March / April 2017
With my 38th birthday around the corner, I took time to reflect back and take stock of what I've learnt, where I am now, and what I want and DON'T want.
I realised that to be successful at anything you have to be passionate about it. Goals don't work unless you do, and what fun is it to work on something that simply isn't bringing you any joy?
As an example, a broad goal like working out to look better isn't going to cut the motivation mustard for very long. I've preached this many times, but this year I finally experienced it.
My approach to eating and training has always supported my physique-oriented goal of looking more athletic and lean. Sure, functional fitness and strength were also top priorities, but I was never willing to sacrifice a lean physique to get stronger. The effect on my outward appearance was always the dominant factor to consider.
After years of trying – of succeeding, failing, getting lean, being not so lean, in a pattern similar to a yo-yo diet effect – I became despondent due to my 'lack' of results. Soon enough, gym and training were no longer fun as my workouts were driven by feelings of guilt rather than enjoyment.
I was forcing the issue and it made me dislike where I was and what I was trying to achieve. What's worse is that I never really achieved anything noteworthy.
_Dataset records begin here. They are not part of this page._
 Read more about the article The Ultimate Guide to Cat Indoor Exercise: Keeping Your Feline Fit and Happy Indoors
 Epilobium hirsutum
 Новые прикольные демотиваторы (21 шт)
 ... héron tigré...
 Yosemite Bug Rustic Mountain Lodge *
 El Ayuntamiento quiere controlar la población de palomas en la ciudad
That was until the day I let go of my physique-based ideals and fully threw myself into an activity that I enjoyed doing and something that was challenging and rewarding.
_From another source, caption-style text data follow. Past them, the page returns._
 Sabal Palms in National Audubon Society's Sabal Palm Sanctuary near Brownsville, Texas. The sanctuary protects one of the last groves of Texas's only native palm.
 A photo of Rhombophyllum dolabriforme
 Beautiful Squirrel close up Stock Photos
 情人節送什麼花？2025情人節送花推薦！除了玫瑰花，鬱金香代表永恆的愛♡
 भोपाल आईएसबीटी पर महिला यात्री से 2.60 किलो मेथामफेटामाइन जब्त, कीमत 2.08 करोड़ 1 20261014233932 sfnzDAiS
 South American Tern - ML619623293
A mindset shift happened over the course of 2 to 3 months as I modified my training to support my new-found passion – mountain biking. Suddenly I was applying myself harder in training, even in the gym, and was researching techniques to improve my endurance and fitness. I also began to track my progress and achievements.
What's more is that a leaner physique became a by-product of becoming a better cyclist. I was doing something I enjoyed AND I started to look the part!
My 'eureka' moment happened when I stopped worrying about the fit of my jeans and started caring about the fact that I was the slowest person in the group of riders. Being the last one up a hill is far more embarrassing than the private struggle with your favourite pair of Freddys.
So, what's the message? Well, if you're struggling to connect with that inner passion required to shed those last few kilos or build a better body, perhaps it's time to reframe your training raison d'etre – your primary source of motivation.
Finding a new passion or challenge will get you moving again by igniting within you the most powerful form of motivation – intrinsic motivation. This is driven by an interest or enjoyment in the act itself, rather than on any external pressures or rewards.
The funny thing is, by pursuing your passion, you'll be more likely to achieve the goal you set for yourself in the first place. So go out and explore your options and find a place where you belong, even if it's not inside the gym. I promise that by making that connection, your desire and approach to bettering your fitness and strength in your new endeavour will ultimately lead you back to the gym, this time with a renewed sense of commitment and motivation to train.